# One 、logit Source of value

Logistic regression generally classifies dependent variables into two categories 0-1 Turn to frequency [0,1], become odds（ The odds ratio is ,[0,+∞]）, then log To become Logit value ([-∞,+∞])

The odds ratio is ：odds=P(y=1)/P（y=0）

logit value ：logit=log(odds)

What is? sigmoid function ？

First, I defined an intuitive concept ` The odds ratio is `

p/(1-p),p yes true The probability of time ,1-p yes false The probability of time , Take advantage of log, namely t=log(p/(1-p)) Do a range conversion , Go to all real fields . Then turn around and ask p, In the end sigmoid function .

sigmoid The interesting thing about functions is , The independent variable is from negative infinity to positive infinity , The dependent variable is 0 To 1. The closer the 0 The greater the change . The derivative is p(1-p), Derivatives are interesting .（ Reference resources ： Talk about logical regression ）

# Two 、logit modeling

utilize logit=Y Modeling , obtain Logit Then we can calculate the probability according to it .Logit= Economic utility , Utility is a continuous variable ,logit The model is equivalent to utility modeling .

So generally speaking , The coefficient of logistic regression is logit The coefficient of the value , It needs to be converted to a probability value .

The simple understanding can be regarded as ：

Input is x, The output is y, One of the temporary variables in the middle is t.w and b Is the model parameter .h(t) Is the probability of belonging to a certain category , Greater than 0.5 I think it belongs to this category , namely y=1.

For simplicity , We can argue that b Always with a value of 1 Of w Multiply . So we put b Put in w.

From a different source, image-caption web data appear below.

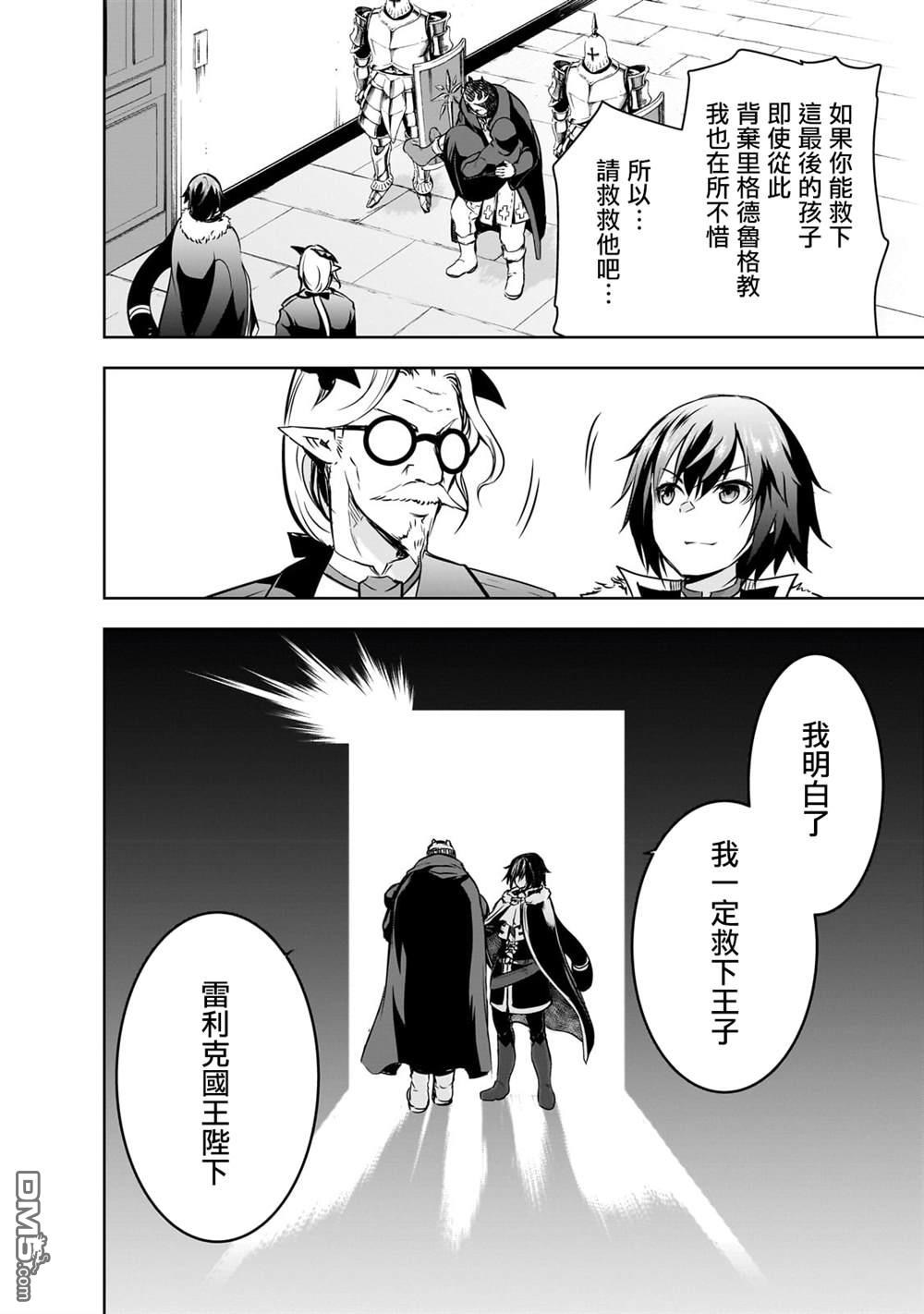 第55话23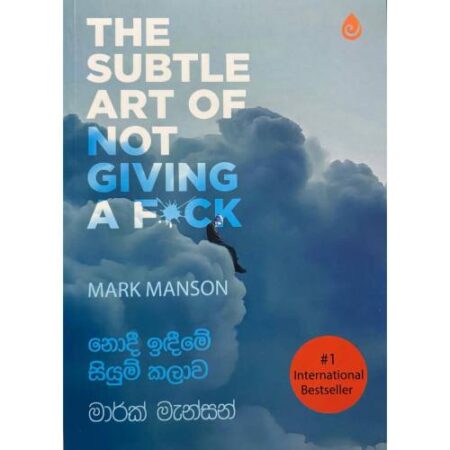 නොදී ඉදිමේ සියුම් කලාව - Nodi Idime Siyum Kalawa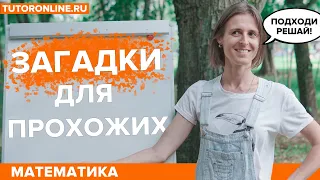 Математические загадки для прохожих | Математика | TutorOnline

The model is simplified as

This is the formula of logistic regression , It's simple .

（ Reference resources ： Talk about logical regression ）

# 3、 ... and 、logit Function modeling threshold setting

In the risk control model summary ,logistics The threshold is set according to the business owner . Generally, high credit passes automatically , The risks in the process need to be reviewed ; The riskier refuse to borrow .

# Four 、R Language implementation

## 1、 Logical regression

Logistic regression generally uses glm Function binomial(link='logit') Modeling .

lg<-glm(y ~x1,family=binomial(link='logit')) summary(lg)

There are only two uses for the regression coefficient ： The sign 、 Significance . The regression coefficient represents every increase in 1 A unit of x, Will increase logit Increase in value 0.1 A unit of , And it has a positive effect . If you need to know the probability value, you need to recalculate .

## 2、 Stepwise regression was used to screen variables ——step

On top of logical regression , We can use stepwise regression , Eliminating variables .

lg_ms<-step(lg,direction = "both") summary(lg_ms)

## 3、 Validation set prediction ——predict

train$lg_p<-predict(lg_ms, train) summary(train$lg_p)

predict The same is true of the forecast for logit value , It's not probability , It needs to be recalculated

## 4、 Calculate the probability value

1/(1+exp(-1*train$lg_p))

## 5、 Methods of model validation

As a sort class model , It can be used ROC curve /AUC value 、 Cumulative lift curve 、K-S curve 、 Lorentz curve gini To verify （ note ︱ Types of risk control classification models （ Decision making 、 Sort ） Comparison and model evaluation system （ROC/gini/KS/lift））.